Rahva Raamat is the largest retail and wholesale bookseller in Estonia. It has 12 bookstores and a restaurant in 8 cities and also sells to most other bookstores, supermarkets and libraries in Estonia.  Rahva Raamat in Viru Keskus was the winner in London Book Fair Bookstore of the Year award in 2022

Rahva Raamat has 5 locations in Tallinn, one in Tartu, Pärnu, Viljandi, Kuressaare, Rakvere, Narva and Jõhvi.

History 
Rahva Raamat was founded in 1912, when Estonian publisher Gustav Pihlakas opened his bookstore in Pärnu mnt 10, a newly designed house by respected Finnish-American architect Eliel Saarinen. Since then, there has always been a bookstore in the same premises.

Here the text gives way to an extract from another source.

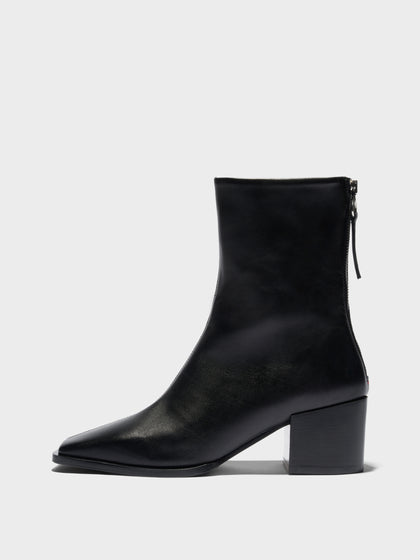 Aeyde | Amina Leather Ankle Boots Leather Ankle Boots for Women | Black Nappa | Square Toe | Mid Heel | Side View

In 2016, Rahva Raamat store was chosen among the four best bookstores in the world at the London Book Fair. It was also recognized as Estonia's trade act of the year.

In October 2002, Rahva Raamat in Pärnu mnt 10 in Tallinn was in danger of being closed down. Hundreds of protesters appeared on the street, which helped the oldest bookstore in Estonia to stay open.

BaltCap announced in October 2022 that it would buy Rahva Raamat after the permission of the Competition Authority.